The first study, 2013 Study on Data Center Outages, was released in September 2013 and was conducted to determine the frequency and root causes of unplanned data center outages. We believe both studies are important because of evidence that IT leaders are underestimating the economic impact unplanned outages have on their operations.
The 2013 Cost of Data Center Outages is the only benchmark study that attempts to estimate the full costs associated with an unplanned data center outage. According to the study, the cost of a data center outage has increased since 2010. The cost per square foot of data center outages now ranges from $45 to $95. Or, a minimum cost of $74,223 to a maximum of $1,734,433 per organization in our study. The overall average cost is $627,418 per incident. This benchmark analysis focuses on representative samples of organizations in the U.S. that experienced at least one complete or partial unplanned data center outage during the past 12months. The analysis was based on 67 independent data centers located in the United States.

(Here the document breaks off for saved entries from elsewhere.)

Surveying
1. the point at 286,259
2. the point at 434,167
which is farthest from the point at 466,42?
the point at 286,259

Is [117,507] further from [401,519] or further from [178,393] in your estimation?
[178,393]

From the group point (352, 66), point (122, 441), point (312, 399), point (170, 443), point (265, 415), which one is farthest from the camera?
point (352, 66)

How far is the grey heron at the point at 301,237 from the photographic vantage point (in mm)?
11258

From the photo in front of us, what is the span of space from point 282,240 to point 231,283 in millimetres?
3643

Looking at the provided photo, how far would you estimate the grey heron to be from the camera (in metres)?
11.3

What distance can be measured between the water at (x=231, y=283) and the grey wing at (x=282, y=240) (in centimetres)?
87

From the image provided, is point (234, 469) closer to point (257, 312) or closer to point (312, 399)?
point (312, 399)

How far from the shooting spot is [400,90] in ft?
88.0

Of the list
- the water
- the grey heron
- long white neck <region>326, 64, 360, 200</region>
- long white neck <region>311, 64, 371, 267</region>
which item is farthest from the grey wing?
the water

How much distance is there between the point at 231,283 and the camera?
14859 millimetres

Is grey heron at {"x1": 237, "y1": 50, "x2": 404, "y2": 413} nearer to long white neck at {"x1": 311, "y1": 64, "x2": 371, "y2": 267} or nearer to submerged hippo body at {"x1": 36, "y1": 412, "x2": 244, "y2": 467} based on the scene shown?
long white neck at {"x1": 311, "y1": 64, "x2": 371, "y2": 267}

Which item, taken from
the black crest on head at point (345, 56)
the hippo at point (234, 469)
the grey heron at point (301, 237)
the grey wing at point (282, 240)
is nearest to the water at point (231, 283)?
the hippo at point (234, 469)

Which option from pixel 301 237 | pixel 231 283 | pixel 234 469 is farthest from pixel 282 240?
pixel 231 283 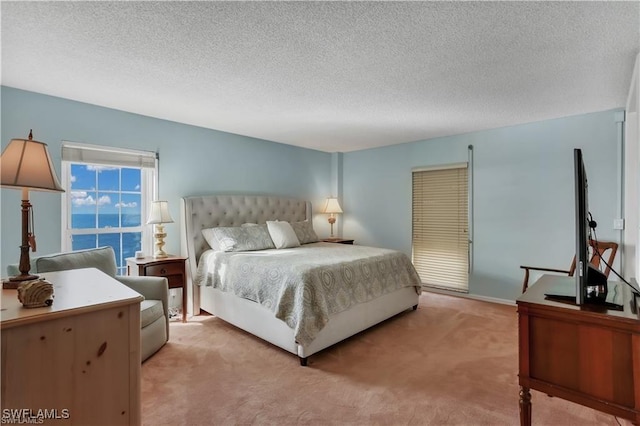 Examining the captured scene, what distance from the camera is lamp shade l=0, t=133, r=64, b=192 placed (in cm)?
128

Following are the functional leaders within each organization who participated in the study:
Facility manager
Chief information officer
Data center management
Chief information security officer
IT compliance leader
Utilizing activity-based costing, our methods capture information about both direct and indirect costs, including but not limited to the following areas:
Damage to mission critical data
Impact of downtime on organizational productivity
Damages to equipment and other assets
Cost to detect and remediate systems and core business processes
Legal and regulatory impact, including litigation defense cost
Lost confidence and trust among key stakeholders
Diminishment of marketplace brand and reputation
Following are some of the key findings of our benchmark research involving 67 data centers located throughout the nation.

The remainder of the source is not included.